Comme cela se peuple, dites-moi, l’Asie centrale ! Un nombre très élevé de livres de voyage paraissent ces temps-ci sur cette région du monde. On peut le comprendre pour différentes raisons : 1) Région riche en pétrole, elle intéresse toutes les puissances du monde. 2) Région riche en jolies femmes, elle intéresse tous les traîne-savate. 3) Région riche en cultures mélangées, elle passionne les ethnologues. 4) Région longtemps sous-visitée, elle représente quelque chose de neuf.

La carte générale de Caroline Riegel va un peu dans le sens d’une région très pure, très « neuve ». De même, les photos qui parsèment le livre sont toutes prises dans la nature. À feuilleter le premier tome de Soifs d’Orient, un léger malaise s’installe : on dirait que ces immenses territoires ne connaissent pas la ville, que les hommes qui peuplent ces lieux n’ont jamais rien construit. Puis quand on lit le récit de voyage, les villes apparaissent mais sont détestées par la narratrice. Elle les trouve sales, grises, sans charme.

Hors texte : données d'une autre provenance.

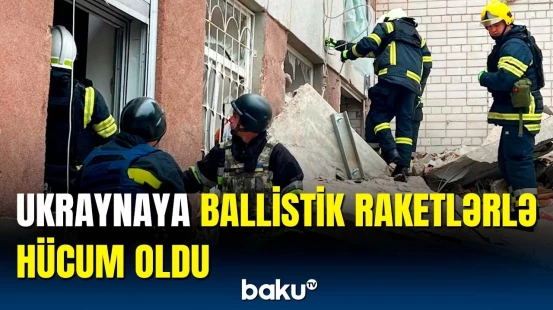 Ukraynanın Çerniqov şəhərinə raket hücumu oldu | Ölən və yaralananlar var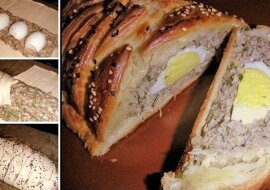 Pieczeń rzymska z jajkiem. Jest bardzo obfita i delikatna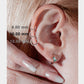 Sade Halka Piercing, 8-10-12 MM , 1.0 MM, 14K Sarı-Beyaz-Kırmızı Altın | LC00048A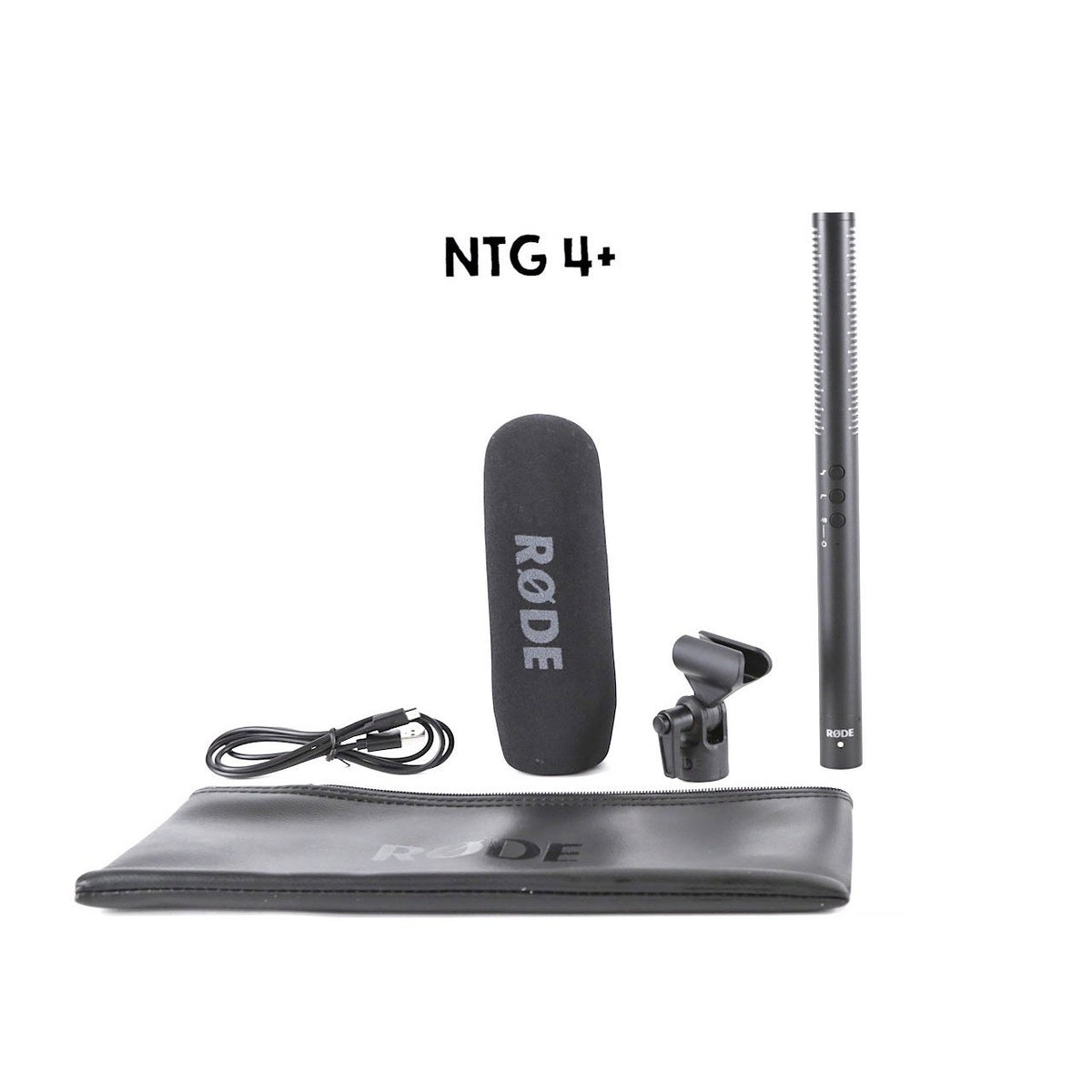 Shotgun Microphones - RODE NTG4+ Directional Condenser Microphone With Inbuilt Battery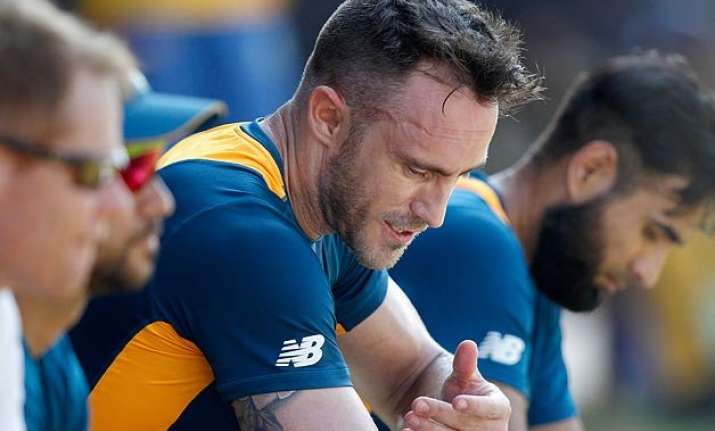 4th odi faf du plessis fined for showing dissent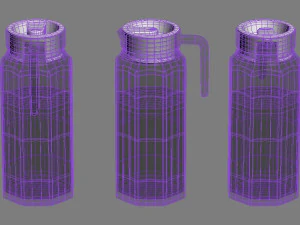 jarro e vidro Modelo 3D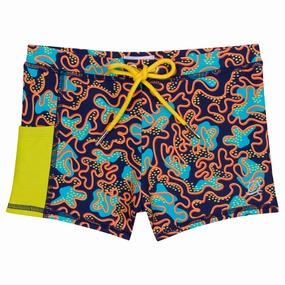 Kids Euro Swim Shorties | "Deep Dive"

Il faut s’interroger sur tous ces voyageurs qui n’aiment pas les villes. Ils y voient une perte d’authenticité. C’était déjà le cas chez nos orientalistes du XIXe siècle, qui allaient voir en Algérie et au Liban une humanité et une nature pas encore contaminées par la révolution industrielle. Nos grands voyageurs écologistes sont-ils vraiment tout à fait différents de nos grands artistes colonisateurs des siècles passés ?

Je pose seulement la question.

Reste que notre ingénieuse hydrologue féminise la cartographie. Du moins elle essaie, dans l’apparence.

La carte qu’elle place en début de récit est légendée ainsi : « Du Baïkal au Bengale : pérégrination d’une goutte d’eau. »

Sur une carte satellite, la ligne de l’itinéraire de l’ingénieuse Caroline est un peu impressionniste, comme un coup de pinceau assisté par ordinateur. Les lignes de l’itinéraire sont jonchées de gouttes d’eau.

Il n’y a pas à dire, c’est un bel itinéraire. Un grand zig-zag dans l’Asie centrale, qui n’est pas sans rappeler la figure symbolique du Yin et du Yang. Comme je n’ai pas de sens artistique, j’explicite et j’illustre mes idées plastiques. Avec des couleurs, sans quoi la vie est terne.

Au Baïkal, la formation scientifique de notre voyageuse s’avère précieuse. Elle en parle avec émotion et en connaissance de cause. Une telle masse d’eau pure, sur la terre, pour elle c’est une perle. D’ailleurs elle intitule son chapitre « La perle de Sibérie ».

Et moi, ce que je trouve précieux, ce qui m’émeut, c’est le destin scientifique de la voyageuse. Je l’aime d’autant plus qu’elle est une femme de science, qu’elle va voir des savants dans des instituts de limnologie (science des lacs), qu’elle s’informe et que le lecteur l’admire autant pour ses aventures de voyageuse que pour son savoir qu’on imagine vaste.

En réalité, on n’en sait rien, mais cela fait partie de la panoplie du voyageur, ses compétences supposées, les exploits qu’on lui prête, les mystères qui l’enrobent. C’est le crédit du voyageur.